The Belgian/Dutch stuff’s okay as far as it goes. It’s certainly fit for the incessant crowds who come to Amsterdam solely to clog the streets while snapping selfies and yammering loudly. Or for the soon-to-be-multitudinous mobs of English louts (thanks to a new, cheap-and-fast London-to-Amsterdam piss-up-by-rail service) who typically stagger, collapse, puke, pass out and generally give drunkenness a bad name.

But fall as they may, those chips just aren’t adequate for the rest of us, who are not so much tourists as cultural pilgrims with refined tastes. We know our junk food. We deserve better. So do the Dutch and Belgians, for that matter, who are generally outstanding people even if they do open their borders to lower orders.

Back to chips. The secret is the vinegar. Chips can be pretty good without the stuff but, without it, they’ll never achieve greatness. Only Canadians understand this.

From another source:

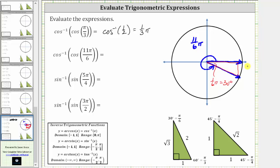Because we are in the fourth quadrant, where x is positive and y is negative, this opposite leg is negative one, the hypotenuse is two, and the longer leg is positive square root of three. Using this reference triangle, we can determine the cosine of eleven-sixth pi radians, which is equal to the ratio of the adjacent side to the hypotenuse, which is positive square root of three divided by two. This simplifies to inverse cosine of square root of three divided by two.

Europeans, like yanks, don’t provide vinegar with chips. Limeys do—a sort of vinegar, anyway—but they don’t cook their chips. They just soak them in warm dishwater or something.

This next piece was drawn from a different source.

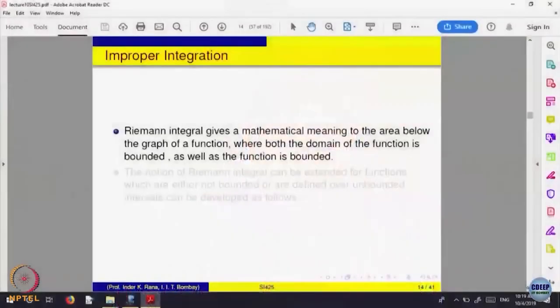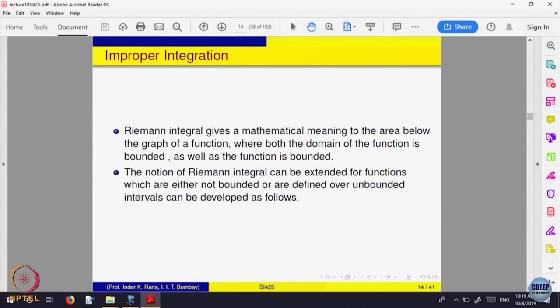There are some situations where you can extend this notion of integral. For f on [a, b] to ℝ, f is bounded, and the domain of the function is a bounded interval. You can extend this notion when either the domain is not a bounded interval or the function is not bounded on the bounded interval. One can define the notion of integral — that is called an extension of the Riemann integral, called improper integration. One looks at a function defined either on an interval which is not bounded but the function is bounded, or the function is defined on a bounded interval [a, b] but the function is not bounded on that interval. These two situations can be handled in some cases.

Belgians and Dutch do a good job of cooking fries, but they omit that essential ingredient. In its place, Belgians will offer mayonnaise. Dutch will go further by threatening to dump ketchup, onions or chili sauce all over your helpless chips.

But when Canadians cook chips well, we cook them really well, even better than the best Belgian or Dutch efforts, and incomparably superior to whatever it is the English perpetrate on those poor potatoes. Plus we add vinegar. That combination could prove irresistible to Europe’s polluted palates.

There’s huge potential here, of absolutely pomme-de-terrestrially earth-shattering proportions.

We could start with a few small shops in carefully chosen neighbourhoods, like Brussels’ cool and not-yet-Commercial-Drived St-Gilles. From places like that, word would get out and momentum would build. First the Low Countries. Then Europe. Then the world, the entire planet, all 7.6 billion fries-deprived people, would succumb to Canada’s consummate culinary accomplishment.

All we need is a bit of seed money and a catchy name. Maybe something like:

Echte Canadese frites met azijn
in plaats van je smerige laagland mest

It’s not very concise, but that’s Google Translate’s Dutch version of:

Real Canadian Fries with Vinegar
Instead of your Filthy Low Country Muck

An irresistible enticement, no?


Postscript: Of course with Turdeauvian values in mind, The Real Canadian Chip Shops would use gender-neutral terminology. That would avoid misunderstandings such as this one, which took place somewhere in France:

Me: Un frites, s’il vous plaît.
Her: Une frites?
Me (not listening closely, just confirming): Un frites.
Her: Une frites?
Me: Un frites.
Her: Une frites!
Me: Okay then, une frites.

Thereupon I got my side of fries. God help me if I’d asked for vinegar.